EUI-64 Address Format

I’m thinking right now about the size of that interface, that host portion of our IP version 6 address. It’s large. It’s large, 2 to the power of 64. How do we come up with the addresses that we’ll use for the interface portion, that host portion of this IP version 6 address? Well we could sit down and have a spreadsheet and figure out all the different possible values we could have and assign them that way, but we could also allow our devices to automatically provide themselves with this interface identifier. This is known as EUI-64. It utilizes something that is already unique on our devices. Let’s think about what might be unique that nobody else would have. I’m specifically thinking about layer two here, layer two. We have Media Access Control, or MAC addresses, burned in MAC addresses that are unique. Nobody should have the same one that I have. Imagine what EUI-64 does. It will take our MAC address and use that as the interface identifier. Well wait a second. I’m seeing a dilemma here and other people must be seeing the same dilemma as well. How big is a Mac address?

Well it’s 48 bits.

How big is that interface portion?

64 bits.

I’m short. I’m short of 16 bits here. So how does EUI-64 modify our MAC address then to make this work?

We jam some stuff in the middle and call it a day. That’s really what happens. Okay. What we do is we jam in FF:FE right after the 24th bit of the MAC address.
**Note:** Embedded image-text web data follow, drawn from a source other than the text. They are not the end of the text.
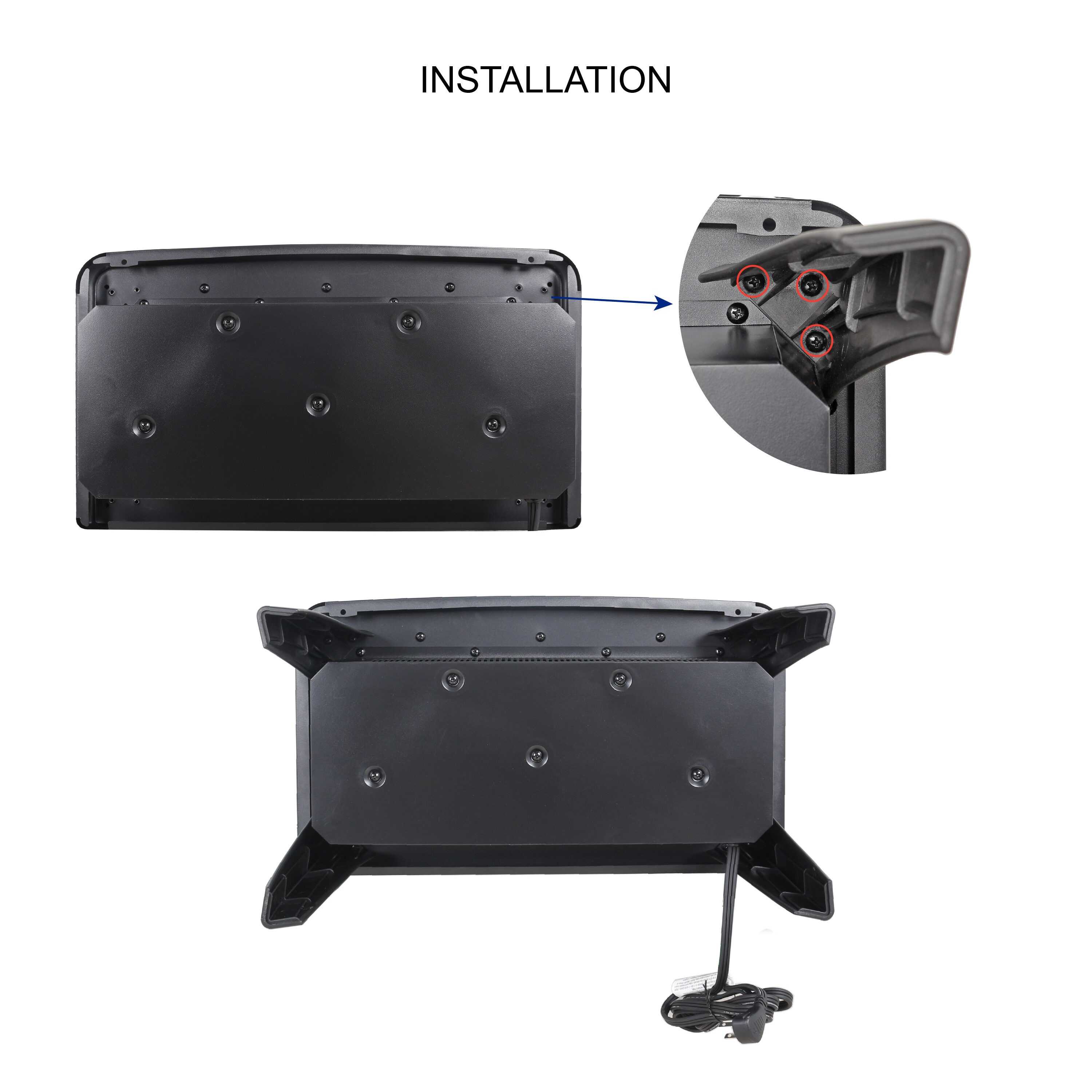 17.52-Inches W Antique Black Free standing LED Corner Electric Fireplace with Remote Control Included - Image 2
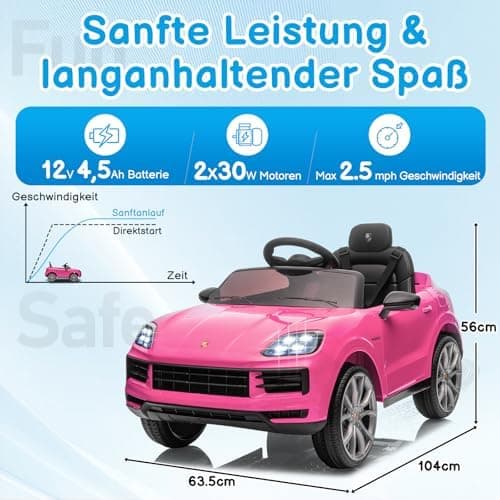 LALAHO Kinder Elektroauto 12V Schwarz mit MP3-Funktion und LED-Leuchten
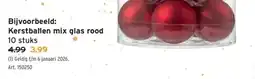 GAMMA Kerstballen mix glas rood 10 stuks aanbieding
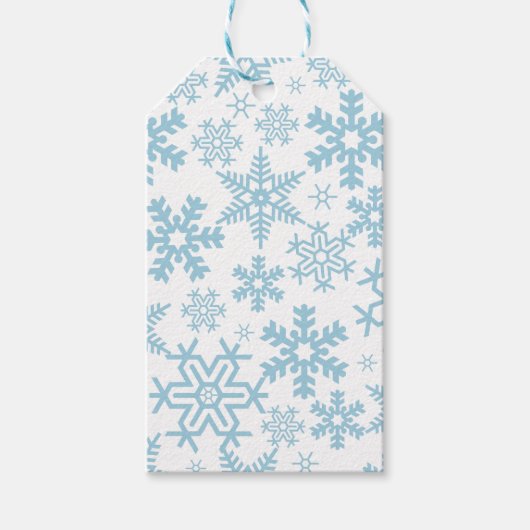 WIT MET BLAUWE WINTERVLOKKEN CADEAULABEL (Voorkant)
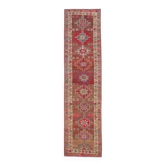 1970s Vintage Turkish Oushak Handmade Wool Cotton Pink Runner Rug 83x330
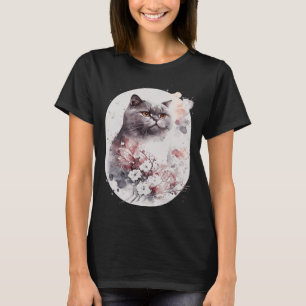 Camiseta Gato de Shore britânico Cherry Blossom Saku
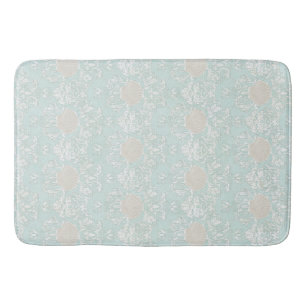 Seashells Beach Seaside Blue White Damask Pattern Bath Mat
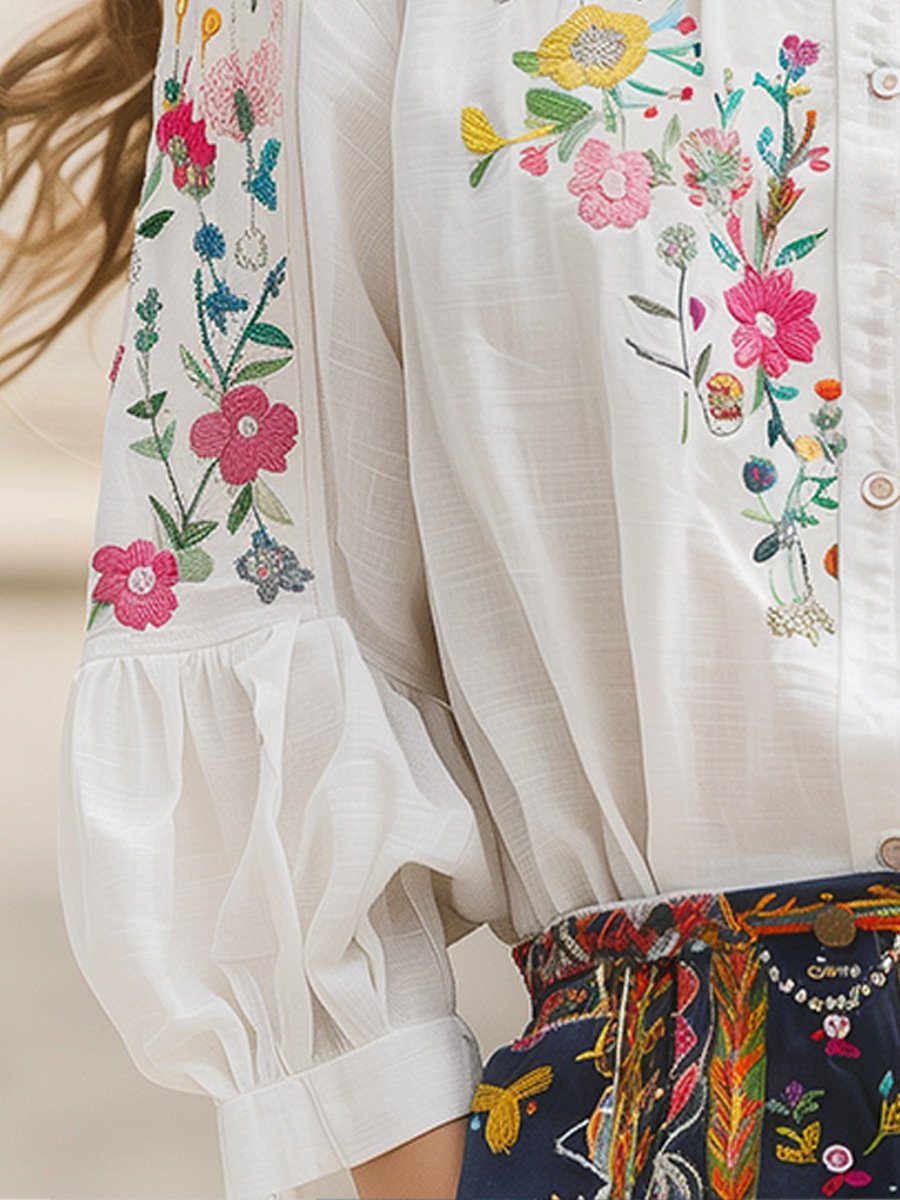 The Anya™ | Artisan Floral Embroidered Linen Shirt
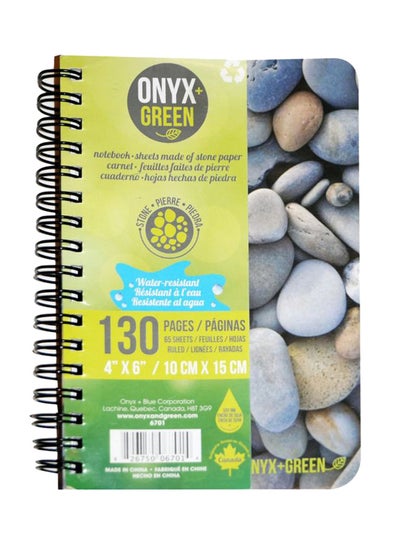 Buy Spiral Bound Notebook 4"x6" 65 Sheets Of Stone Paper Ruled Eco Friendly, 130 Pages Green/Grey in UAE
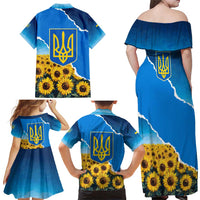Ukraine Pride Family Matching Off Shoulder Maxi Dress and Hawaiian Shirt Map, Flag & Tryzub with Sunflower Field Patriotic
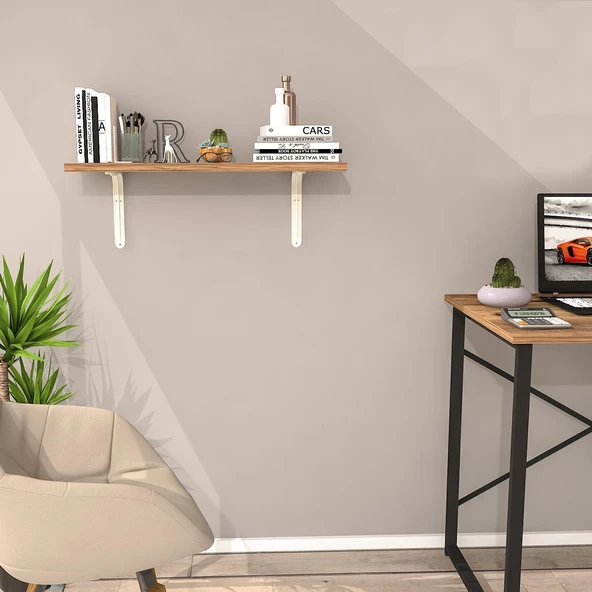 L Konsol Duvar Rafı - Duvara Monte Raf  Meşe 30x60 cm - Resim 2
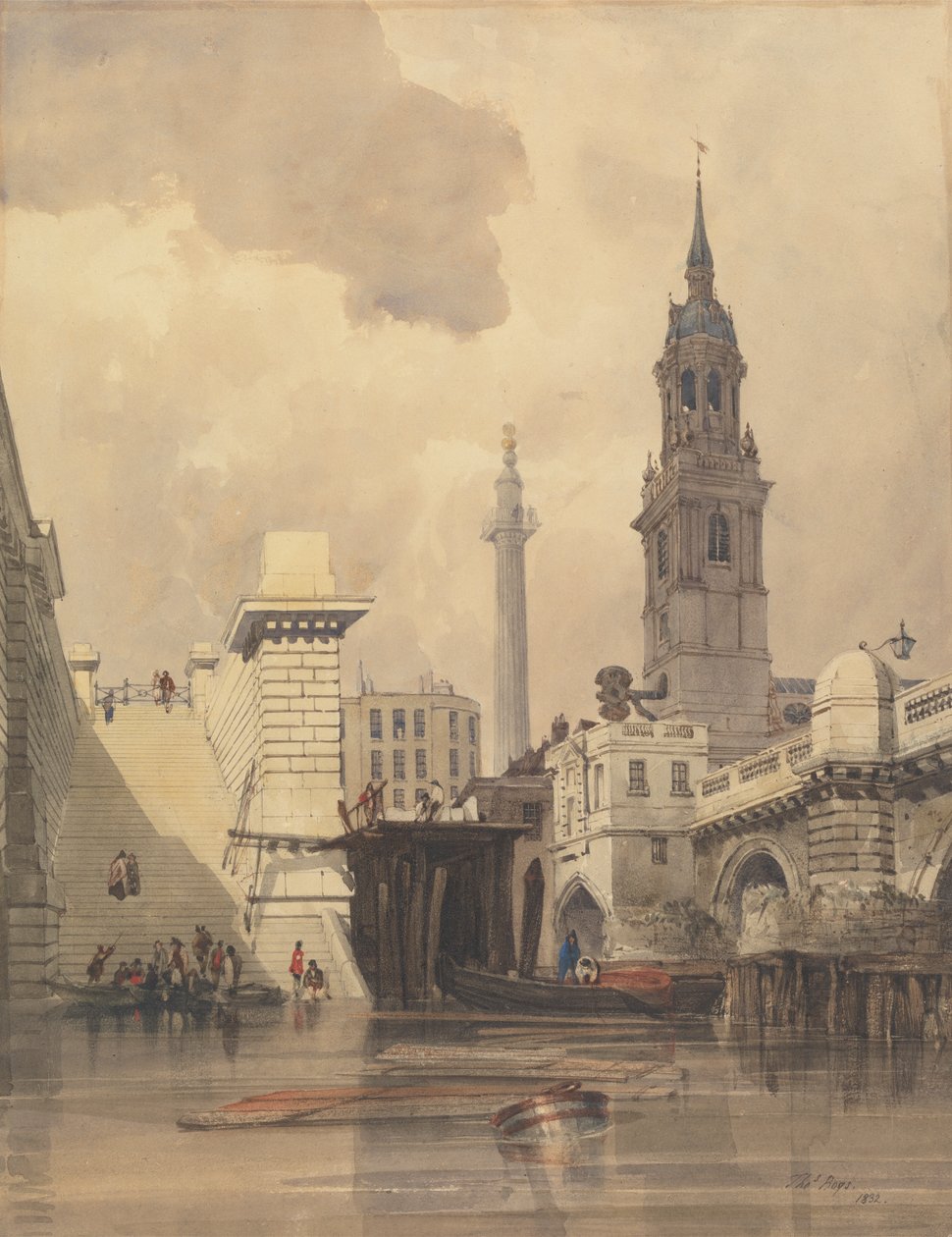 Kyrkan St. Magnus the Martyr, London Bridge, med monumentet i bakgrunden av Thomas Shotter Boys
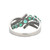 10K White Gold 1.04tw Emerald Cascading Multi-Size Bezels with .12tw Diamond Bezels Accents Wrap Ring Size 6.5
EUI-64 Interface ID Assignment

After the 24th bit, before the 25th bit, so we take the 48-bit MAC address and go little bit in the middle and then we say FF:FE in between those two 24-bit portions and that helps us use the MAC address, but fully populate the interface portion of the IPv6 address and this is a really great feature. This is used a lot and the idea is, let’s not get caught up in uniquely identifying ourselves, let the system do that for us. Let’s just make sure we’re plugged into the right subnet and we got that right and then let’s validate that this is unique because there is some validation that occurs when you’re trying to self-assign using this EUI-64, so we don’t just jam it in there. We think we’re unique if we use the MAC address, but it is not even that confident. It is going to test and that is useful because if you misconfigure some virtual servers you might clone them, you might keep the same MAC address and that probably is the place where we’re going to be assisted by the validation and test that these are truly unique MAC addresses.